[Given material — start]

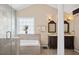 Bright bathroom featuring tiled shower, double vanity, and ample sunlight at 192 Palisade Point Dr, Ellenwood, GA 30294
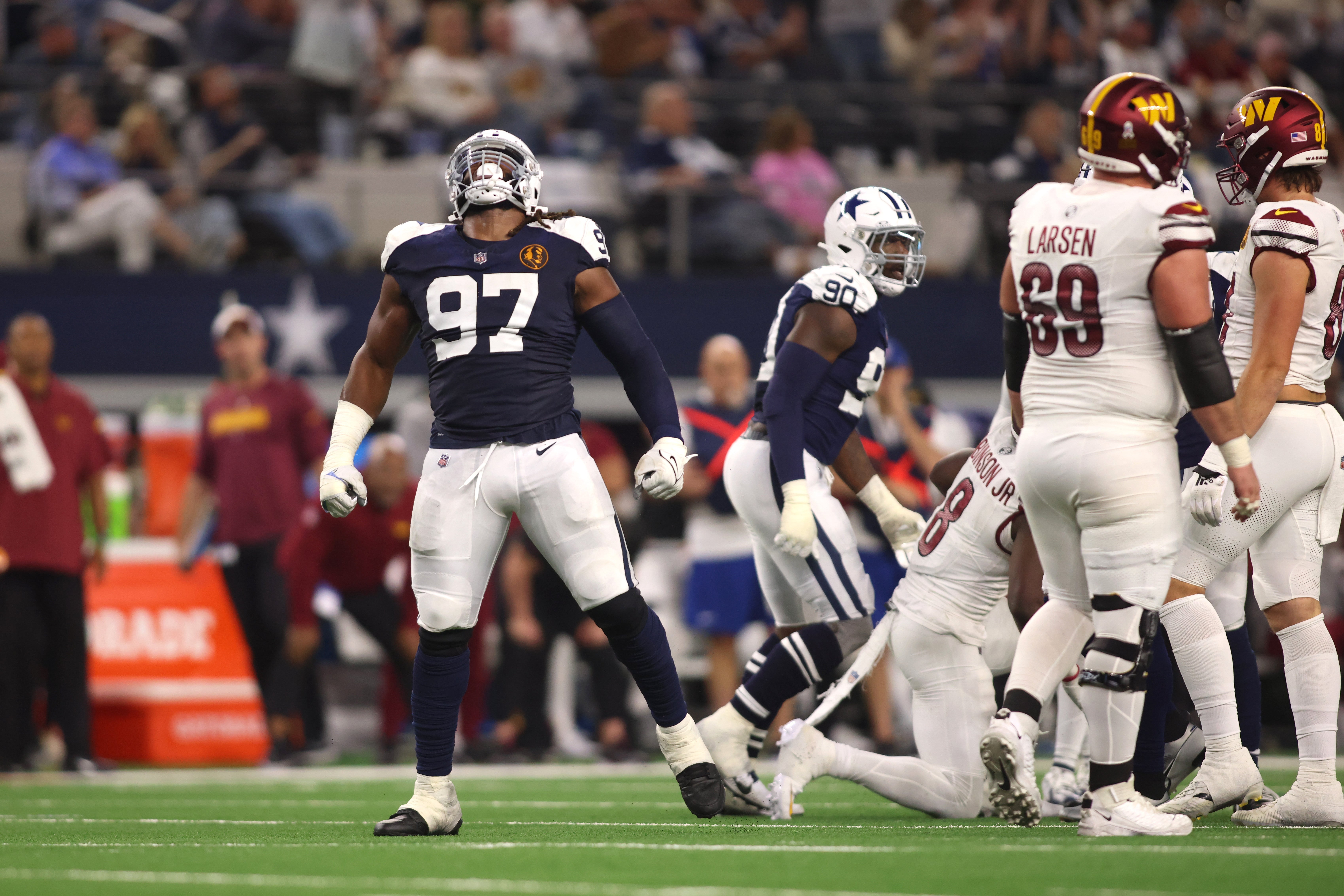 Dallas Cowboys defensive tackle Osa Odighizuwa (97) celebrates a sack in the second half against the Washington Commanders at AT&T Stadium.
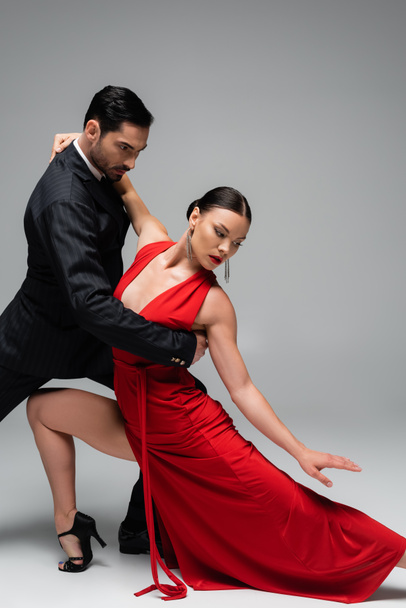 man in elegant pak dansen tango met partner in jurk op grijze achtergrond - Foto, afbeelding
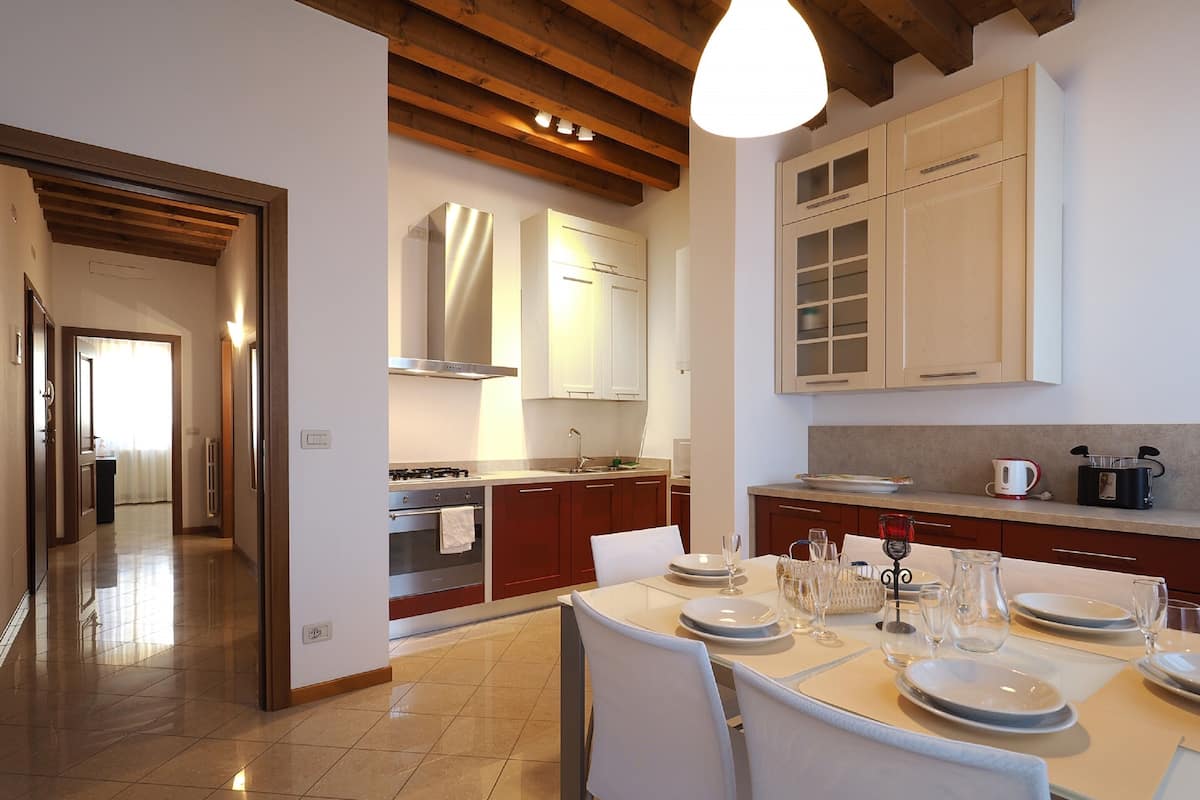 A modern kitchen with a dining area, featuring stainless steel appliances, wooden beams, and a large window.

[Given material — finish]

Prompt
Could the data above be returned in full, exactly, with every image left out?

Response area
 Bright bathroom featuring tiled shower, double vanity, and ample sunlight at 192 Palisade Point Dr, Ellenwood, GA 30294
 Dallas Cowboys defensive tackle Osa Odighizuwa (97) celebrates a sack in the second half against the Washington Commanders at AT&T Stadium.
 man in elegant pak dansen tango met partner in jurk op grijze achtergrond - Foto, afbeelding
 A modern kitchen with a dining area, featuring stainless steel appliances, wooden beams, and a large window.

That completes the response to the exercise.